Beautiful girls suffer as well. Not as much as fat girls, but there still remains a kind of alienation that surrounds a truly beautiful woman. Other women tend to despise these visually blessed beauties, and men tend to have ulterior motives when dealing with them. Often these glorious creatures find it difficult to maintain relationships that are not solely based on their looks; because of this, quite a few find themselves alone, void of the sympathy that is reserved for the unattractive. The best circumstance a woman can find herself in is to be attractive, but not so attractive that she is morally defined and corrupted by her own beauty.


 
Fat girls who manage to lose a considerable amount of weight are not easily forgiven for having been fat. I recently lost 60 pounds, and while I am proud of myself for this accomplishment, I find that the result of being, if not svelte, at least acceptable as a human being, comes with it’s own set of psychological issues. I still relate to myself as a fat person. I forget I’m thinner than I was, and this leads to awkward situations. For starters, there is the matter of rising from a sitting position to a standing one. Used to my extra bulk, I tend to use an incredible amount of unnecessary force to propel myself upward, causing people around me to ask “where’s the fire?” When I meet new people, I forget that I am slimmer, and therefore they do not automatically assume that I am funny and overly hospitable.
The most difficult aspect of my weight loss, however, is that I can’t take a compliment without searching for the joke behind the praise. I’ve never had a boyfriend, assuming that my weight barred me from meeting someone who would be willing to date me.

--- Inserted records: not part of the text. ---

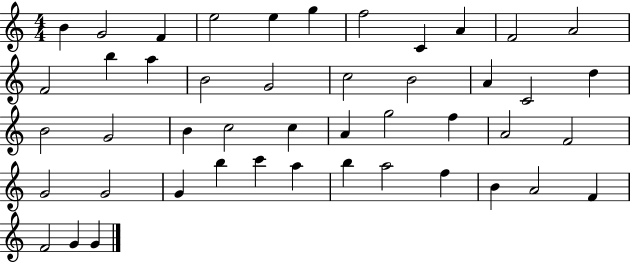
B4/q G4/h F4/q E5/h E5/q G5/q F5/h C4/q A4/q F4/h A4/h F4/h B5/q A5/q B4/h G4/h C5/h B4/h A4/q C4/h D5/q B4/h G4/h B4/q C5/h C5/q A4/q G5/h F5/q A4/h F4/h G4/h G4/h G4/q B5/q C6/q A5/q B5/q A5/h F5/q B4/q A4/h F4/q F4/h G4/q G4/q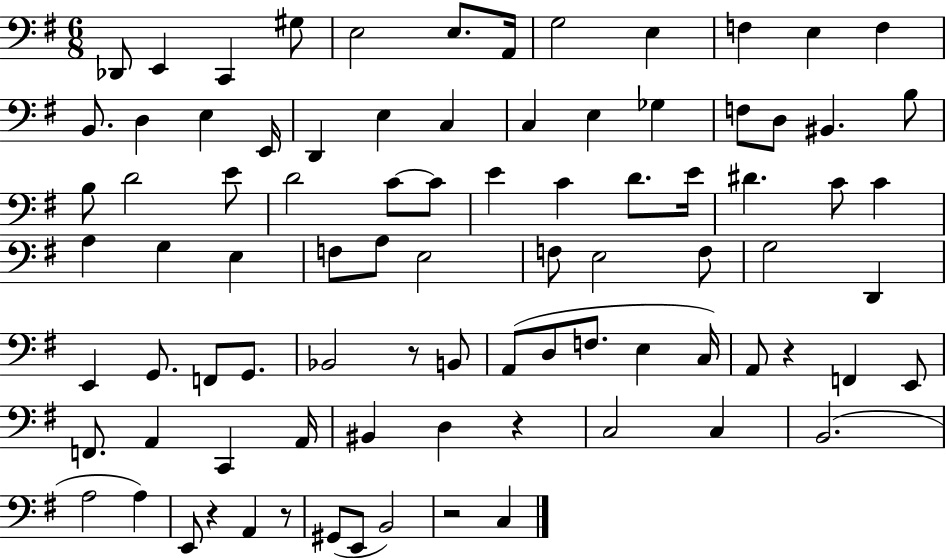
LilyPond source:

{
  \clef bass
  \numericTimeSignature
  \time 6/8
  \key g \major
  des,8 e,4 c,4 gis8 | e2 e8. a,16 | g2 e4 | f4 e4 f4 | \break b,8. d4 e4 e,16 | d,4 e4 c4 | c4 e4 ges4 | f8 d8 bis,4. b8 | \break b8 d'2 e'8 | d'2 c'8~~ c'8 | e'4 c'4 d'8. e'16 | dis'4. c'8 c'4 | \break a4 g4 e4 | f8 a8 e2 | f8 e2 f8 | g2 d,4 | \break e,4 g,8. f,8 g,8. | bes,2 r8 b,8 | a,8( d8 f8. e4 c16) | a,8 r4 f,4 e,8 | \break f,8. a,4 c,4 a,16 | bis,4 d4 r4 | c2 c4 | b,2.( | \break a2 a4) | e,8 r4 a,4 r8 | gis,8( e,8 b,2) | r2 c4 | \break \bar "|."
}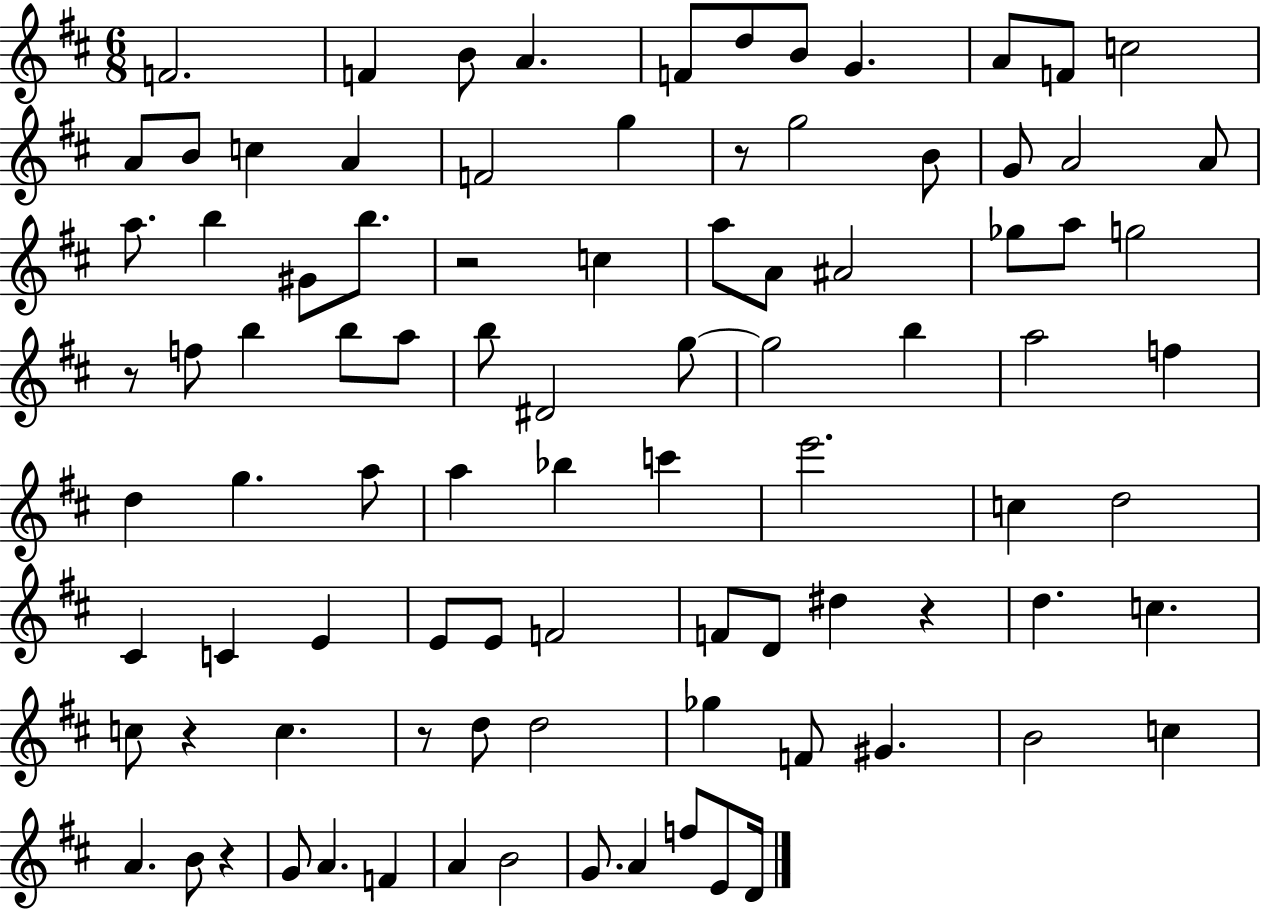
X:1
T:Untitled
M:6/8
L:1/4
K:D
F2 F B/2 A F/2 d/2 B/2 G A/2 F/2 c2 A/2 B/2 c A F2 g z/2 g2 B/2 G/2 A2 A/2 a/2 b ^G/2 b/2 z2 c a/2 A/2 ^A2 _g/2 a/2 g2 z/2 f/2 b b/2 a/2 b/2 ^D2 g/2 g2 b a2 f d g a/2 a _b c' e'2 c d2 ^C C E E/2 E/2 F2 F/2 D/2 ^d z d c c/2 z c z/2 d/2 d2 _g F/2 ^G B2 c A B/2 z G/2 A F A B2 G/2 A f/2 E/2 D/4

When I am at a party or other social setting and a man attempts to flirt with me, I tend to become rather short with him, assuming that he is playing some kind of cruel trick. The kind of trick that back in high school would involve a boy asking me for my phone number, and I, in my infinite naiveté, supplying it only to have the boy return to his circle of friends and start whooping it up in delight with his friends, the likes of whom found humor in daring him to ask for the fat girl’s phone number.
However, there exists a magic in transformation. The most poignant moment of my weight loss occurred in New York City, a place I have long desired to live but was unwilling to venture into due to my size. Walking down a busy city street lined with expensive shops, I caught an image of a girl reflected in a store front window. The girl wore the same clothing I did, had the same hair and similar features, and yet she was far thinner than I was. I turned, and so did the reflection. It took me a long time, standing paralyzed in front of that window, the glittering city of my dreams shining behind me as the sun dipped below the horizon and the lights of the skyscrapers began to illuminate the sky, that I realized the girl was familiar. It was in that moment I had the most significant epiphany of my life. That girl - that average looking, average sized girl, reflected in a shop window with the marvelous city twinkling behind her as a backdrop - that girl was me. I couldn’t explain what I felt when I recognized this, only to say that for the first time I could remember, I felt human. And almost - almost - complete.